_Problem to solve_
Once the images are set aside, print the remaining lines below exactly.

_Input data_
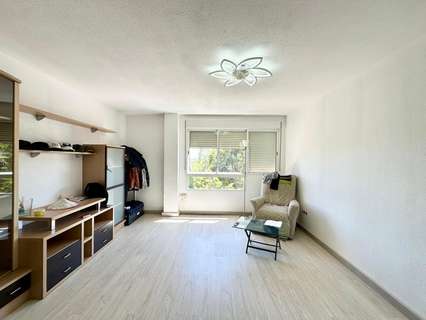 Piso en venta en Alginet rebajado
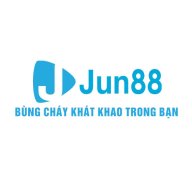 jun88stcom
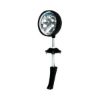 Searchlight Otsingulamp 12V/24V, H3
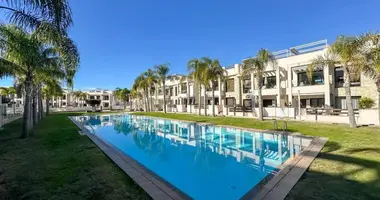 Wohnung 3 zimmer in Torrevieja, Spanien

_Reply_
 Piso en venta en Alginet rebajado
 jun88stcom
 Searchlight Otsingulamp 12V/24V, H3
 Wohnung 3 zimmer in Torrevieja, Spanien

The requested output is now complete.